Europas neue Waffenachse
Der deutsche Rüstungskonzern Rheinmetall setzt mit der Investition seine Industrieoffensive in Osteuropa fort. Nach Produktionsstätten in Ungarn und Kooperationen in der Ukraine entsteht in Litauen nun eine direkte NATO-Versorgungslinie für 155-Millimeter-Artilleriemunition, die sowohl für deutsche Panzerhaubitzen als auch für westliche Waffensysteme bestimmt ist. Die Entscheidung stärkt die Rüstungskooperation zwischen Berlin und Vilnius, insbesondere im Kontext der stationierten Bundeswehr-Brigade in Litauen. Deutschland festigt mit industriellen Kapazitäten unmittelbar an der östlichen NATO-Grenze damit seine Rolle als technologisch führende Rüstungsnation Europas.
Geopolitisch steht das Projekt für die militärisch-industrielle Integration Osteuropas in die EU- und NATO-Strategie. Die Produktionskapazitäten für Artilleriemunition sind ein zentraler Bestandteil der europäischen Abschreckungspolitik gegenüber Russland. Während westliche Staaten über Munitionsknappheit diskutieren, schafft die Rheinmetall-Investition eine eigenständige europäische Nachschubbasis. Zugleich zeigt die Sondergenehmigung Litauens, dass Sicherheitsinteressen über bürokratische Verfahren gestellt werden. Ein Zeichen wachsender militärischer Dringlichkeit in der Region? Der Schritt fügt sich in den europäischen Trend ein, Verteidigungsindustrie und Energieinfrastruktur als strategische Daseinsvorsorge zu behandeln.

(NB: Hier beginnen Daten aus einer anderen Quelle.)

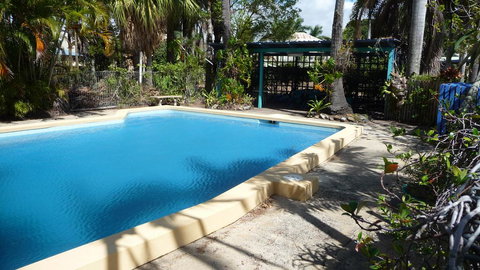 Bel Air Motel - New Castle Holiday 1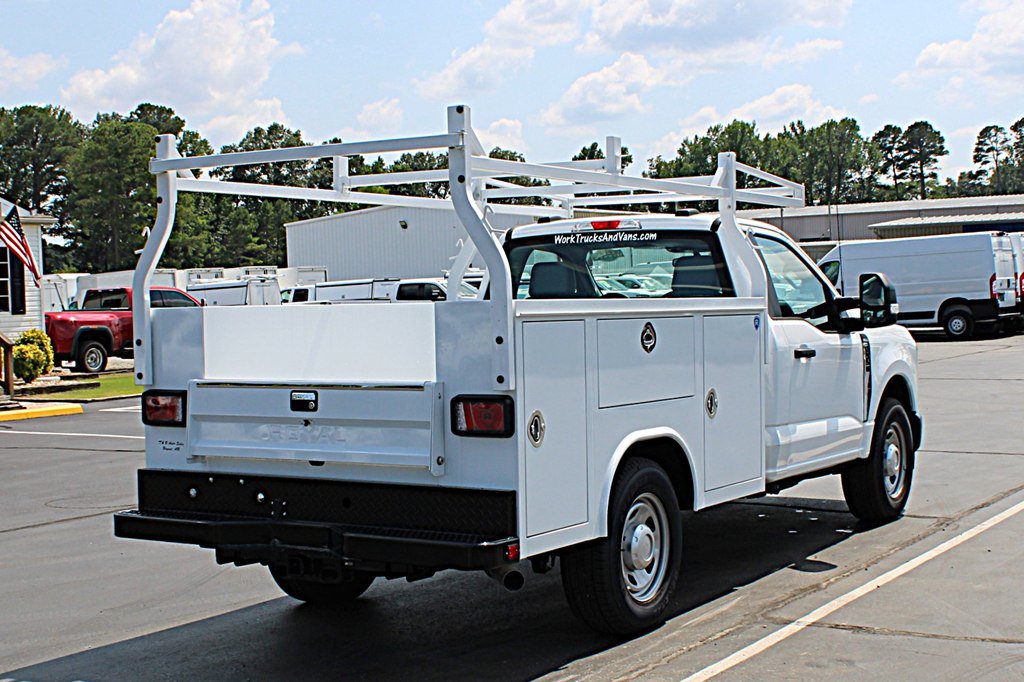 Used 2025 Ford F350 XL w/ XL Driver Assist Package RWD image 5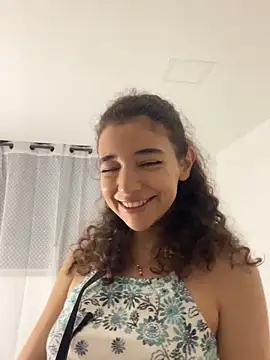 uniquerossie online show from December 2025 07:41:01 AM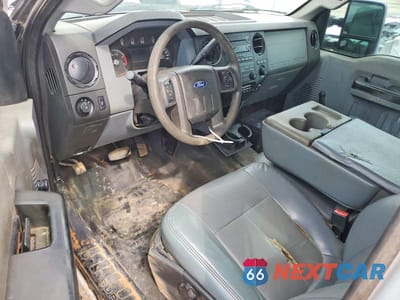 Zdjęcie 8 z 13 samochodu: 2016 FORD F550 SUPER DUTY VIN:1FD0X5GT2GEC19138 - miniatura
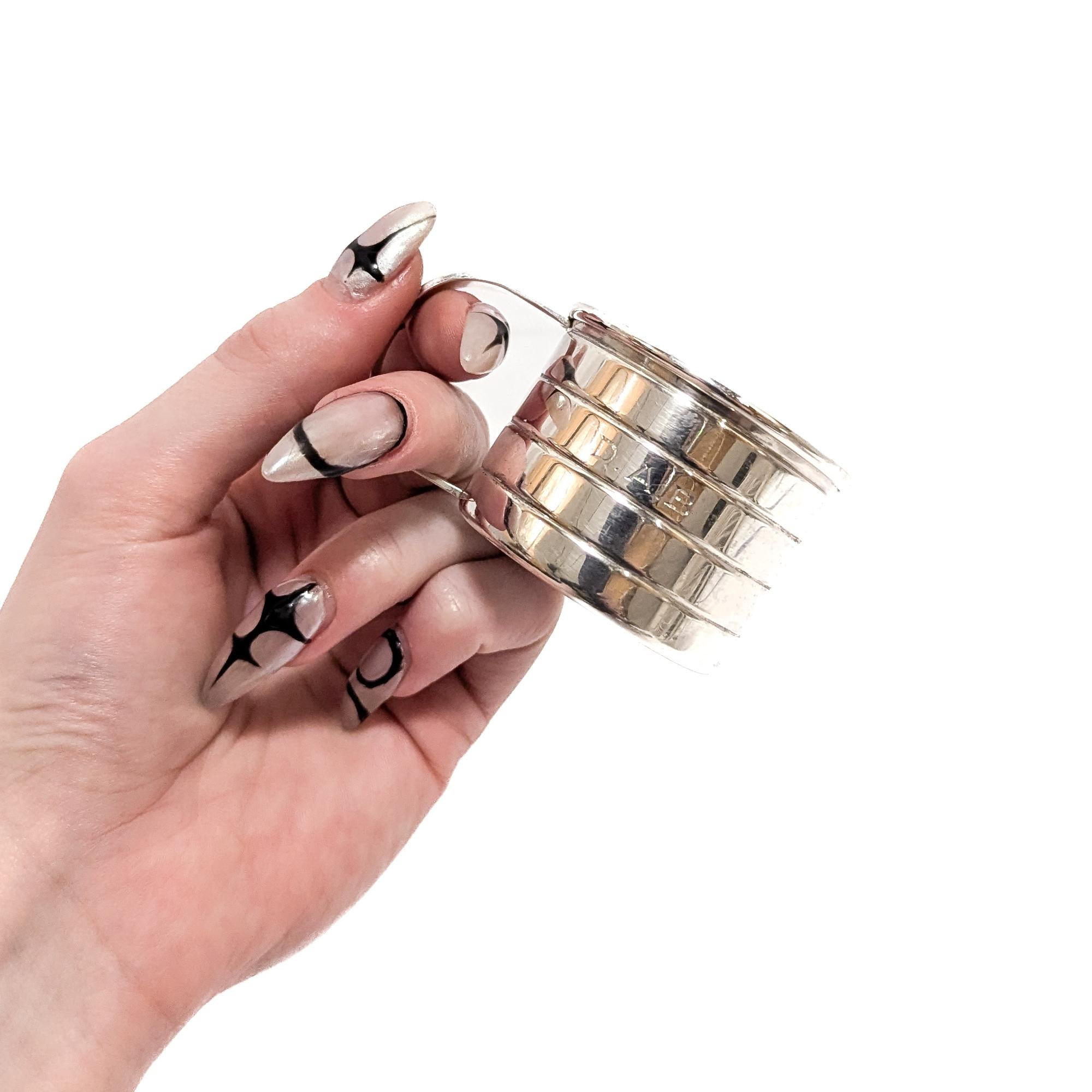 Un bel misuratore da bar o jigger d'epoca firmato.

Di Cartier.

In argento sterling. 

A forma di tazza con manico e interno dorato. 

All'esterno sono riportate le diciture 1/2 oz, 1 oz, 1 1/2 oz e 2 oz.  linee di misura corrispondenti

Rheinmetall-Aktie: Das sagen die Analysten
Die Analysten sehen die Rheinmetall-Aktie weiterhin positiv und betonen das starke Wachstumspotenzial des Konzerns. Nach mehreren Auftragsmeldungen und strategischen Fortschritten im Verteidigungsbereich rechnen sie mit weiterem Rückenwind. Besonders die zunehmende Bedeutung des Unternehmens für die europäische Sicherheitsarchitektur stützt die optimistischen Einschätzungen.
Am 29. Oktober bestätigte Jefferies die Einstufung „Buy“ mit einem Kursziel von 2.250 Euro. Analystin Chloe Lemarie verwies auf die Entscheidung der Ukraine zugunsten des Schützenpanzers Lynx, die Rheinmetall milliardenschwere Aufträge einbringen könnte. Die Rheinmetall-Aktie profitiere damit direkt von geopolitischen Entwicklungen. Bereits am 15. Oktober hatte Deutsche Bank Research das Kursziel auf 2.050 Euro angehoben und betonte die Umsetzung des erwarteten Wachstums, das der Konzern am Kapitalmarkttag konkretisieren werde. Am 07. Oktober erhöhte Berenberg ihr Kursziel auf 2.330 Euro, da George McWhirter langfristig mit steigenden Gewinnen rechnet. Schon einen Tag vorher hatte Goldman Sachs ein Kursziel von 2.200 Euro bestätigt und den Fokus auf das entscheidende vierte Quartal gelegt.
Insgesamt herrscht Einigkeit, dass die Rheinmetall-Aktie weiterhin von stabiler Nachfrage, politischer Unterstützung und starker Marktposition profitiert. Anleger sehen gute Chancen auf nachhaltiges Wachstum und langfristig überdurchschnittliche Renditen.